Your copy of the entries must be exact, and it must not include the pictures.

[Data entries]
────────────────────────────────────────

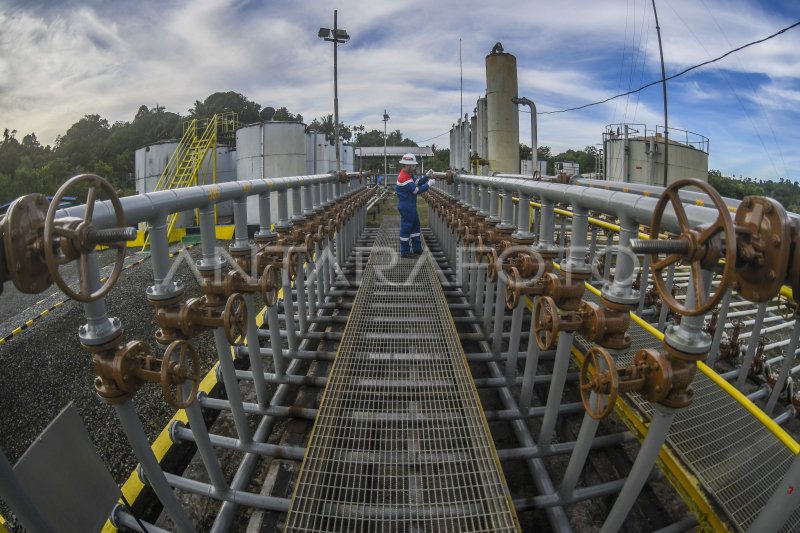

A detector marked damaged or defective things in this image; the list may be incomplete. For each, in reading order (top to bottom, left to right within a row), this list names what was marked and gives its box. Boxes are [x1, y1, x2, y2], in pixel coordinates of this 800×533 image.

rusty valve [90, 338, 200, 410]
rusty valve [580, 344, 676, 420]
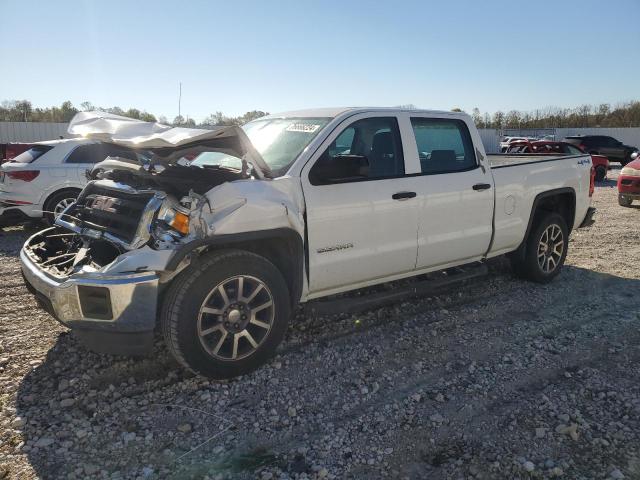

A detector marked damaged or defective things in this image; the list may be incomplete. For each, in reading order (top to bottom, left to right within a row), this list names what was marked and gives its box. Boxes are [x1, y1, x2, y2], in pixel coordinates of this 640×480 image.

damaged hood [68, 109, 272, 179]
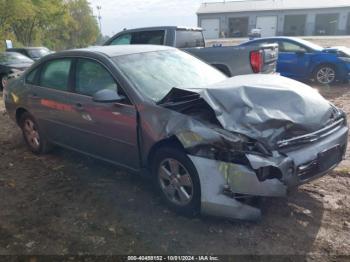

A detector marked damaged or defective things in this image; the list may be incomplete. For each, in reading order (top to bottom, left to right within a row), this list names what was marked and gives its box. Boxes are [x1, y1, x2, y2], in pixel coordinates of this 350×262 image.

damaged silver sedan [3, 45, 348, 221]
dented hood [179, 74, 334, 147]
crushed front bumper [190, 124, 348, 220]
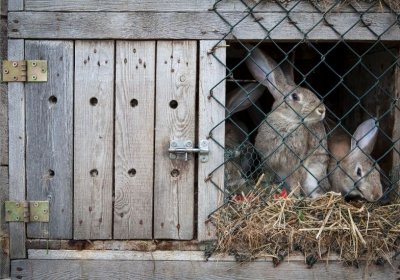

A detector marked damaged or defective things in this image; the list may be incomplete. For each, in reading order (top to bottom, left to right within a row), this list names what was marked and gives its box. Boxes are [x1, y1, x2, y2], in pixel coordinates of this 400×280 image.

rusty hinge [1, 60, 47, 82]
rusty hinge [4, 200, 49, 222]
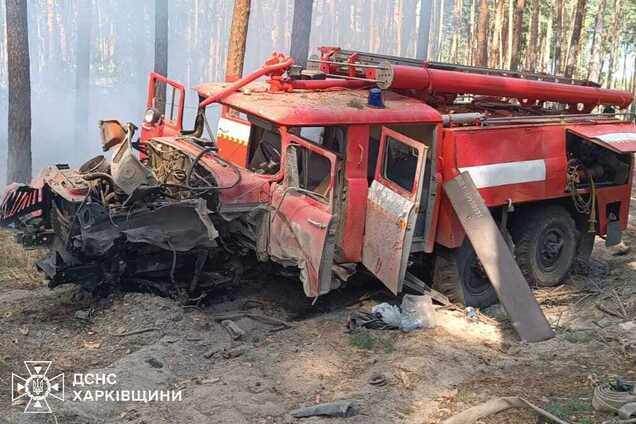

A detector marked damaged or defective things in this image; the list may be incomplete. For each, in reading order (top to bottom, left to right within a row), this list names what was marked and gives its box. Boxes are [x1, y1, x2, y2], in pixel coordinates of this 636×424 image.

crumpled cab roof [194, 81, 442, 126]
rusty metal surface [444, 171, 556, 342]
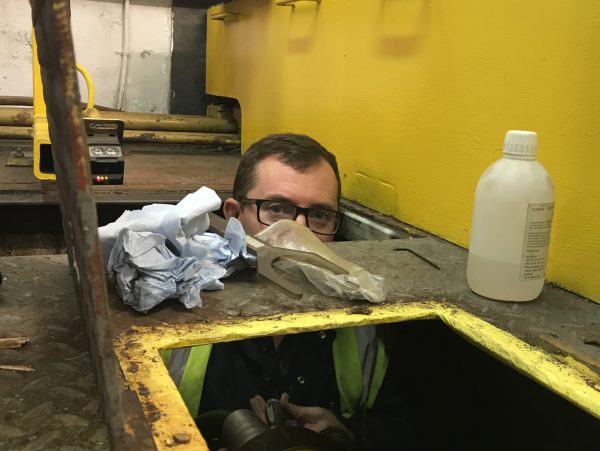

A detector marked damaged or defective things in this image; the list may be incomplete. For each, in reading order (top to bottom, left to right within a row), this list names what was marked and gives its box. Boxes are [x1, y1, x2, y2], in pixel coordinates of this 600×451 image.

────────────────────────────────────────

TASK ANSWER
A detector marked damaged or defective things in this image; the list may be incomplete. For each, in reading order (top to bottom, left to right within a row), this list names what was marked and gives its box. Boxes are [x1, y1, x2, y2], in pixel coordinates of this 800×533 image.

rusty valve [90, 338, 200, 410]
rusty valve [580, 344, 676, 420]

A detector marked damaged or defective things in this image; the list may be incomplete. For each, in reading order (top to bottom, left to right within a row), this list names what was marked and gives its box. Boxes are [x1, y1, x2, y2], in pixel coordinates of this 640×480 image.

damaged hood [68, 109, 272, 179]

A detector marked damaged or defective things in this image; the list may be incomplete. For each, in reading order (top to bottom, left to right within a row), this list names what was marked and gives its box. Boxes are [x1, y1, x2, y2], in pixel coordinates of this 350×262 image.

damaged silver sedan [3, 45, 348, 221]
dented hood [179, 74, 334, 147]
crushed front bumper [190, 124, 348, 220]

A detector marked damaged or defective things in this image; the list may be incomplete. For each, in reading order (top to bottom, left to right within a row), this list names what was marked and gives its box. Boxes are [x1, y1, x2, y2], in pixel coordinates of this 400×280 image.

rusty hinge [1, 60, 47, 82]
rusty hinge [4, 200, 49, 222]

A detector marked damaged or defective things in this image; the list may be incomplete. For each, in reading order (top to bottom, left to right within a row), this list names what was marked and gives its box. Boxes are [x1, y1, x2, y2], in pixel coordinates of this 636×424 image.

crumpled cab roof [194, 81, 442, 126]
rusty metal surface [444, 171, 556, 342]

A detector marked damaged or defective things in this image; the list may be incomplete. For each, in reading order (top to bottom, left to right within a row), this list names what was marked and gives its box. Boxes are [x1, y1, x2, y2], in pixel coordinates of this 600×451 image.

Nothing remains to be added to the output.